(ABOUT THIS EXERCISE)
From the first line down to the one containing "Mitsubishi Pajero 2011 Black", reproduce the entries below exactly and leave out the pictures.

══ RAW DATA ══

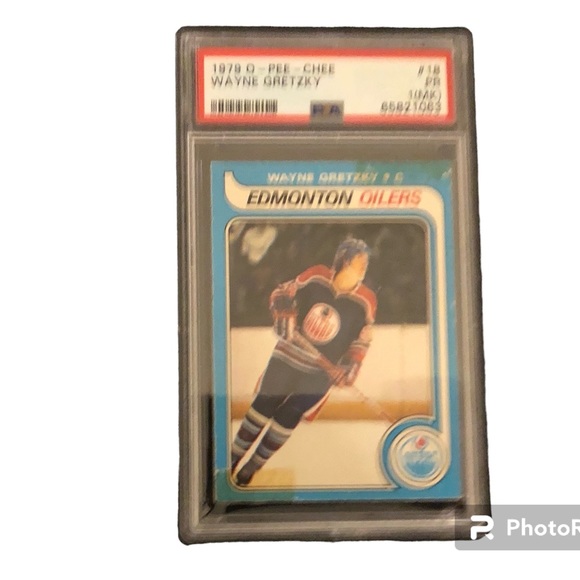 Wayne Gretzky Card- 1979 O-Pee-Chee Rookie Card!
#18 Wayne Gretzky 1(MK) - Picture 1 of 2
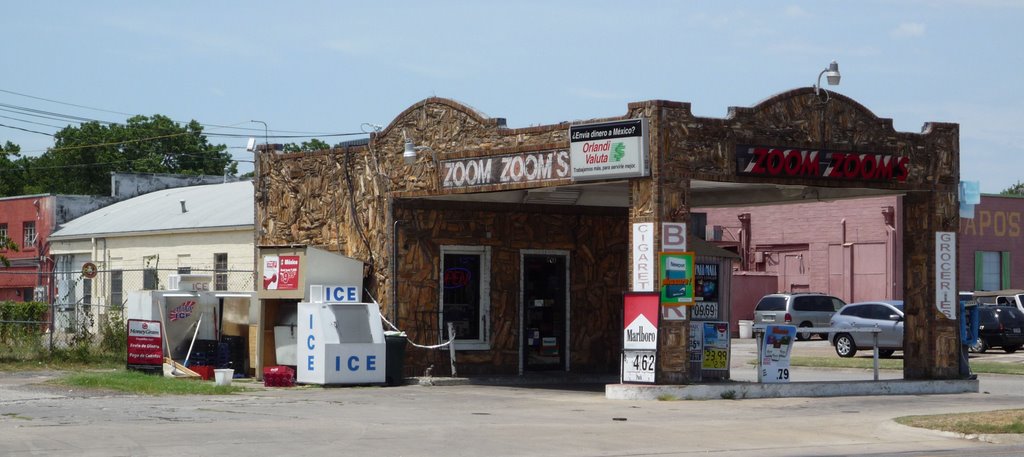 Zoom Zooms, Denton, Texas.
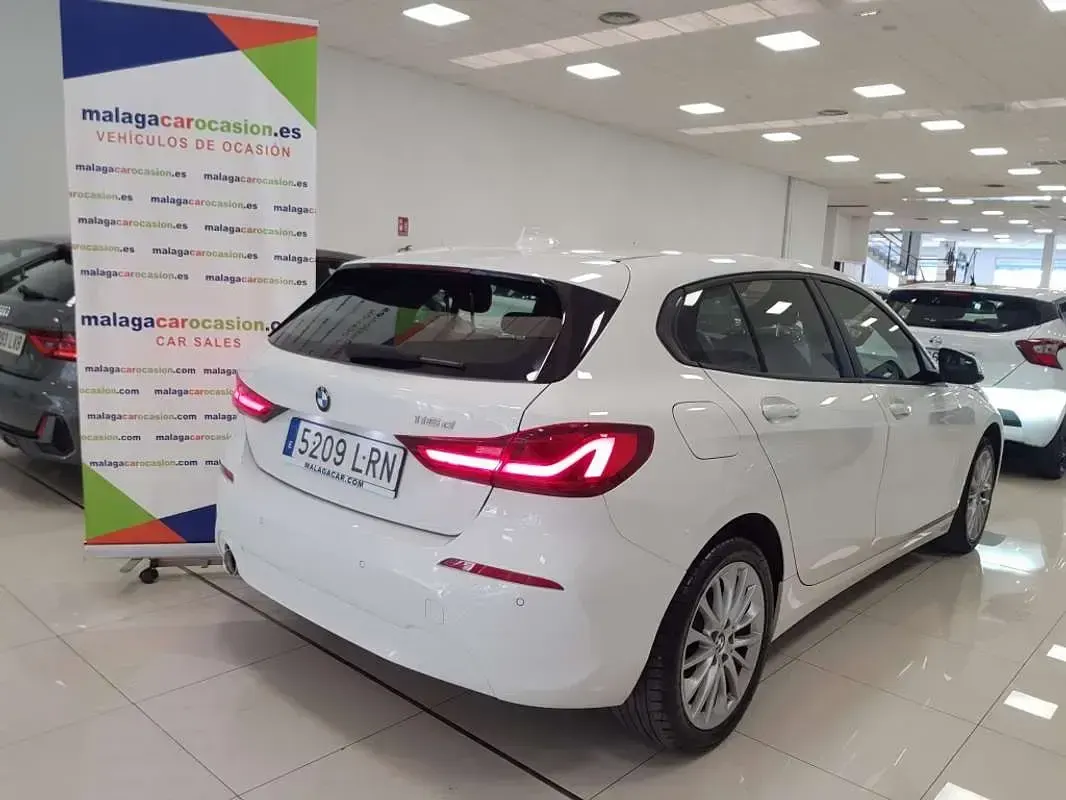 Usado BMW 116 116 CV (85 kW) 2021 Blanco Utilitario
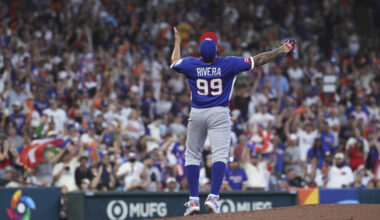 Red Sox To Select Eduardo Rivera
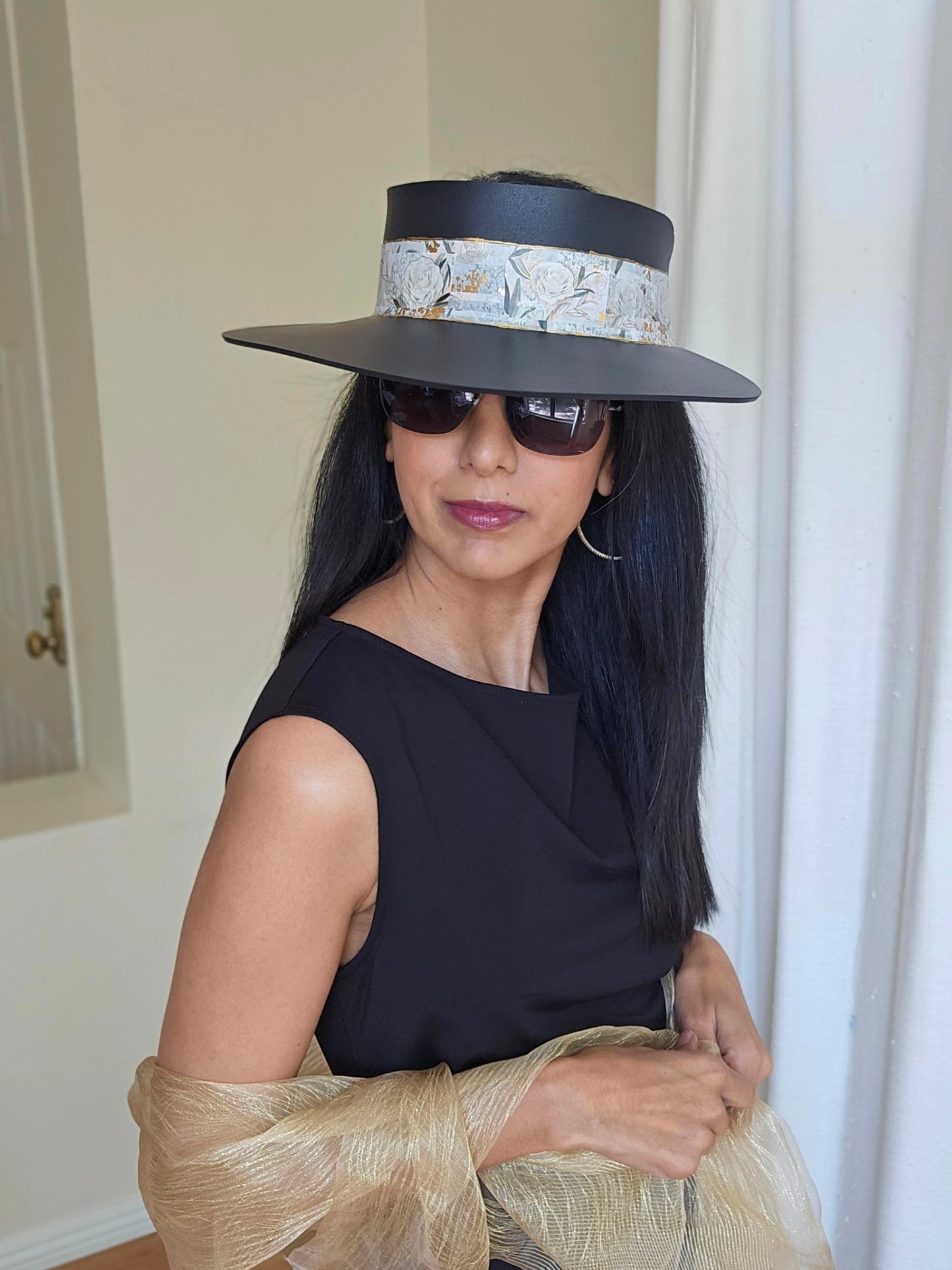 Tall Timeless Black Audrey Foam Sun Visor Hat with Elegant Golden and White Floral Band: 1950s, Walks, Brunch, Tea, Golf, Wedding, Church, No Headache, Easter, Pool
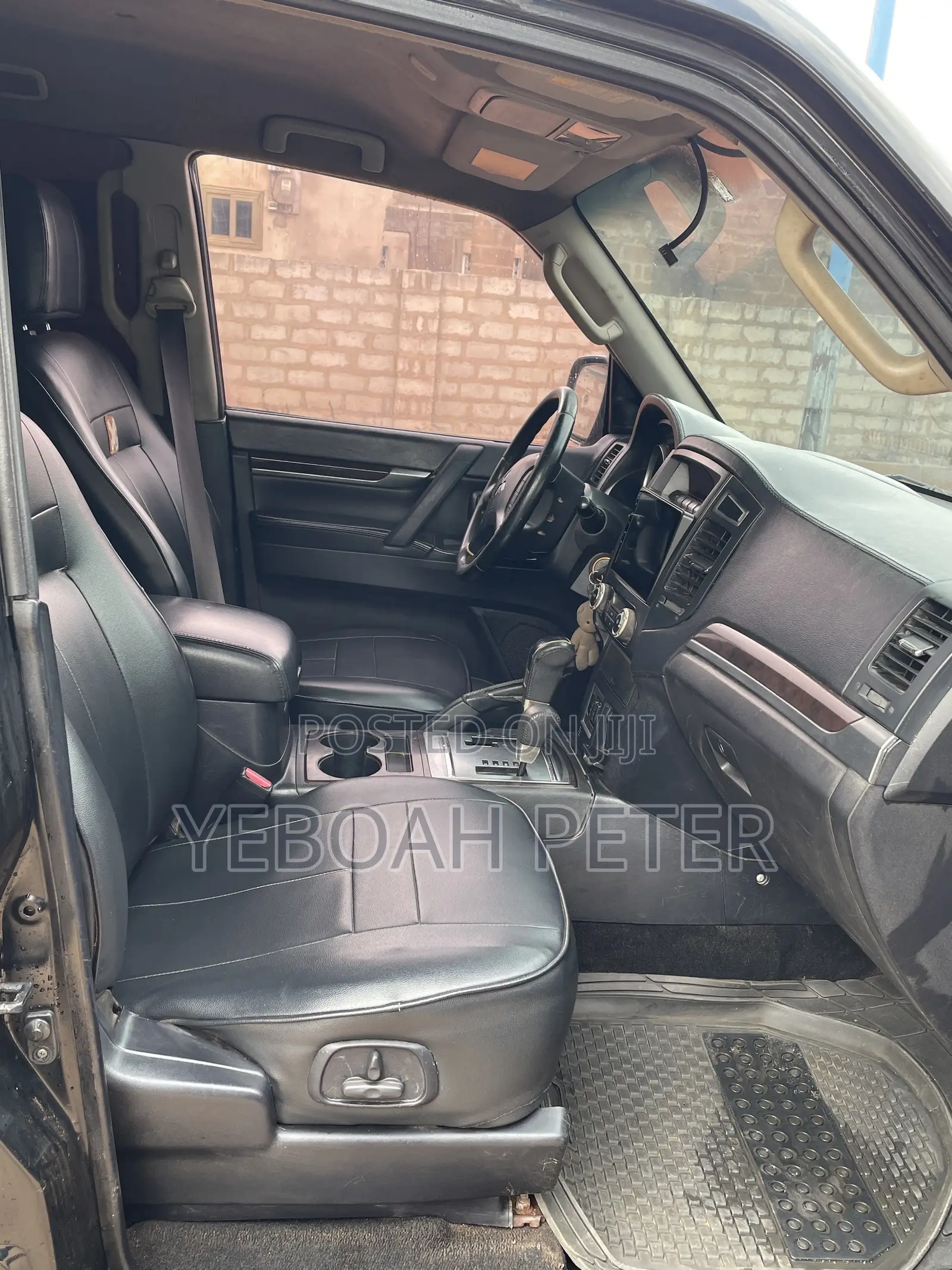 Mitsubishi Pajero 2011 Black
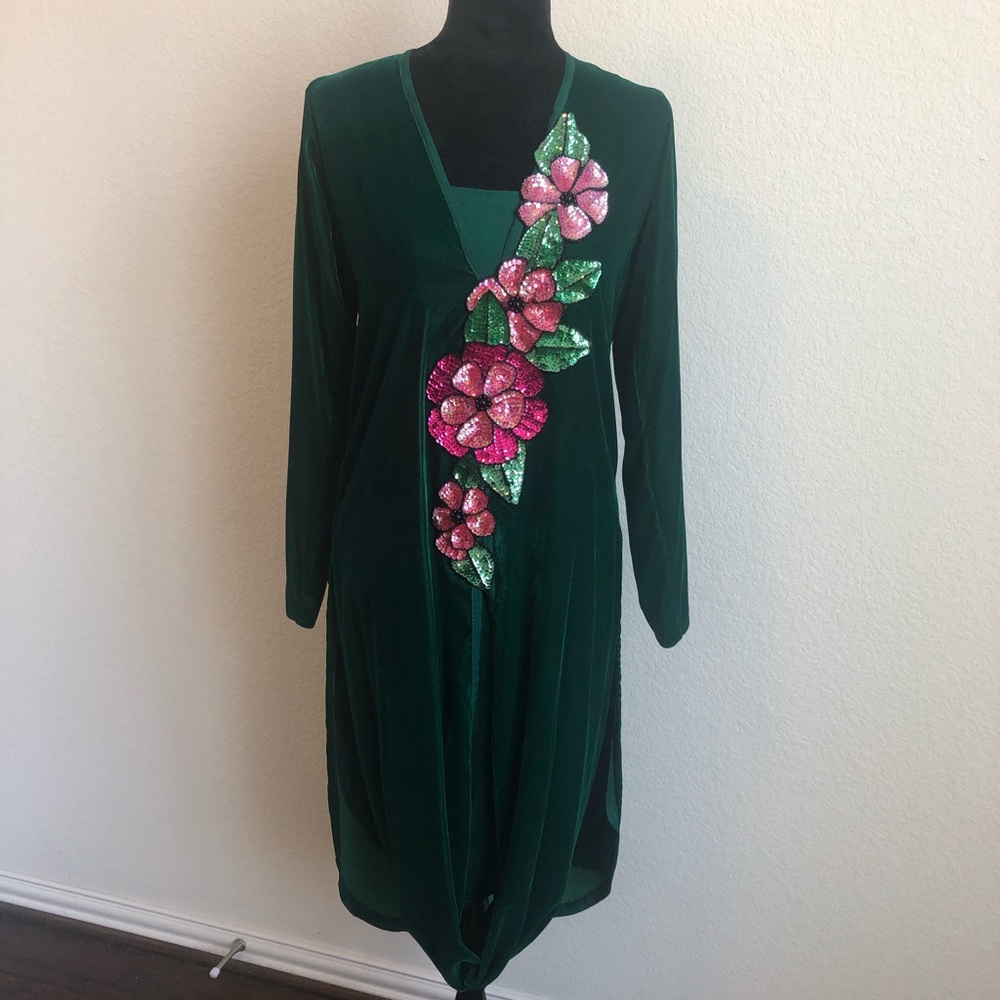 Pakistani/Indian formal green velvet dress. S/M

═══

(SOLUTION TO THIS PROBLEM)
 Wayne Gretzky Card- 1979 O-Pee-Chee Rookie Card!
#18 Wayne Gretzky 1(MK) - Picture 1 of 2
 Zoom Zooms, Denton, Texas.
 Usado BMW 116 116 CV (85 kW) 2021 Blanco Utilitario
 Red Sox To Select Eduardo Rivera
 Tall Timeless Black Audrey Foam Sun Visor Hat with Elegant Golden and White Floral Band: 1950s, Walks, Brunch, Tea, Golf, Wedding, Church, No Headache, Easter, Pool
 Mitsubishi Pajero 2011 Black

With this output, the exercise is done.